Oil and gas productivity from shale formations can be dependent on the flow behavior of the hydraulic fracturing fluids used in stimulation treatments. Because of the unique characteristics of shale formations, including low permeability, existence of micro-fractures, and sensitivity to contacting fluids, it is difficult to evaluate the complex microscopic interactions occurring between the fracturing fluids and the reservoir rock using traditional laboratory methods. Therefore, the objective of this study is to evaluate the interaction between fracturing fluid and representative shale cores by quantifying the invaded fluid volume during the treatment and shut-in time as a function of pore geometry using nuclear magnetic resonance (NMR) technology.
Shale outcrop cores from the Eagle Ford, Barnett, Marcellus, and Mancos were evaluated in this study. Cores were submerged in various fracturing fluids under pressure and temperature for two days. The increase in the volume of the fluid invaded into the cores was quantified using NMR as a function of the average pore radius. To mimic the flowback recovery process, the cores were placed in a vacuum cell for an hour, and the decreased fluid volumes within the cores were measured. Test conditions in this study investigated the effects of clay control additives and surfactants. Furthermore, the effect of operating parameters such as the pressure and fracturing fluid contact time was investigated.

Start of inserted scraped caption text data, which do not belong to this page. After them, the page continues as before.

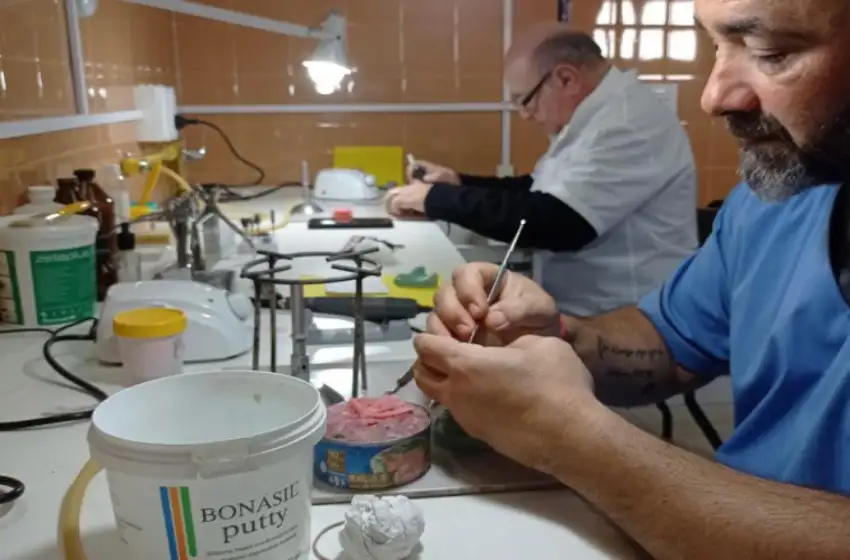 La Provincia abrió 15 laboratorios de prótesis dentales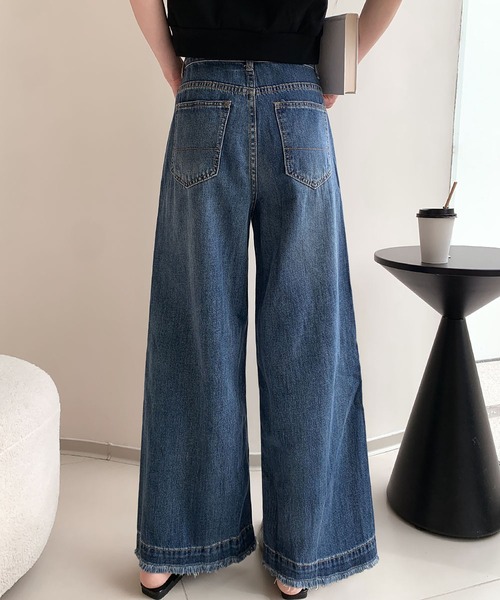 LOWO（ロワ）の「綿混裾切りっぱなしワイドデニムパンツ（デニムパンツ・レディース・ブルー/スカイブルー・L/M/S）」の12枚目の写真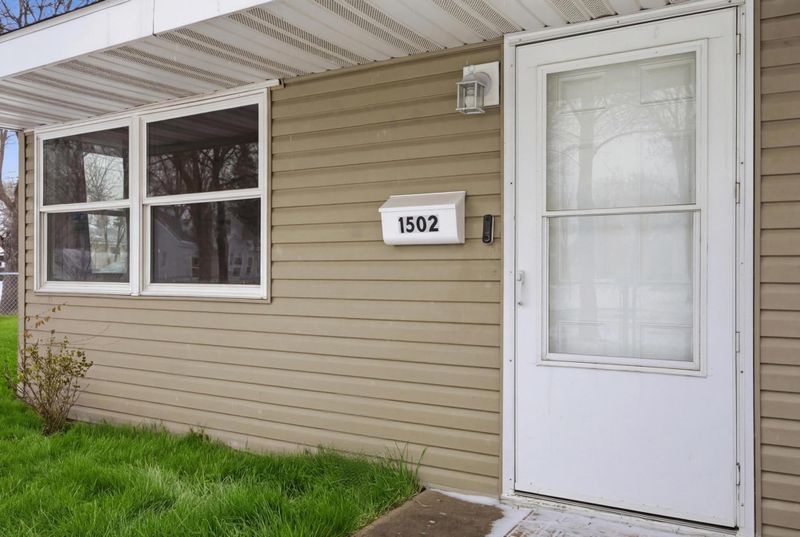 1502 5th Ave N, Moorhead, MN 56560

NMR techniques enable the effective evaluation of additives, such as surfactants and clay control additives, which until now may have been selected solely based on best practices established from stimulating local conventional formations. Additionally, this comprehensive fluid evaluation technology supports the creation of customized fracturing fluids, targeted for individual shale formations, to maximize factors such as post-fracturing load recovery, and to aid in the advancement of the industry's understanding of new fracture modeling concepts.